By Philip Kennicott
Washington Post Staff Writer
Friday, June 9, 2006
The frame surrounding an image of Abu Musab al-Zarqawi's head, revealed to the world as proof the terrorist is dead, is bizarre. When the picture was displayed at a U.S. military news briefing, Zarqawi's face was seen inside what appeared to be a professional photographic mat job, with a large frame, as if it were something one might preserve and hang on the wall next to other family portraits. One function of frames is to bound an image, and close down its open edges; frames delimit, both physically and by extension, metaphorically. But that was the last thing this frame was doing.
Even as the news was greeting a sleepy America, bursting forth on the morning talk programs and racing around the Internet, the meaning of Zarqawi's death was anything but closed.
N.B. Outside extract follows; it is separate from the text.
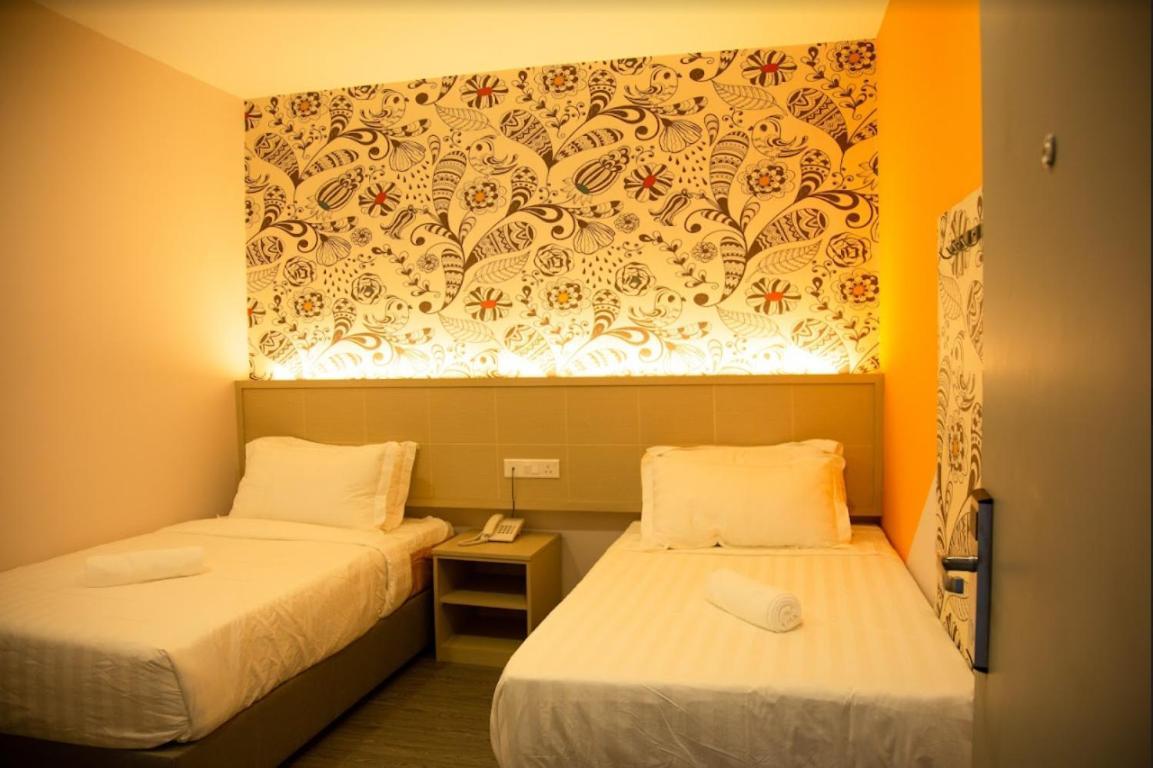 The Crown Hotel @ Klia Sepang Zewnętrze zdjęcie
Virtually no one outside the Iraqi insurgency and other jihadists thought his death was a bad thing, though reports came in that members of Zarqawi's Jordanian family, who had publicly distanced themselves from the killer after he brought his violence to hotels in Amman, were grieving.
In this country, a familiar dynamic played out. Supporters of the war cheered, and criticized the war's opponents (by now a sizable majority of Americans) if they didn't cheer, too. More cautious voices broached the idea -- though at the peril of having their patriotism questioned -- that this may not be the desired turning point in the conflict. They reminded us that we had already seen similar photographs of Uday and Qusay, Saddam Hussein's dead sons, and that Saddam's capture was also supposed to be the beginning of the end of the mayhem.
So will this image, given a strange dignity by its prominent frame, be a defining image of the war? Not likely. Its primary function is forensic. It proves, in an age of skepticism (heightened by a three-year history of official claims about the war turning out to be false), that Zarqawi is indeed dead. But beyond that, the image has little power. Indeed, as with so many images in this war, it is loaded with the potential to backfire.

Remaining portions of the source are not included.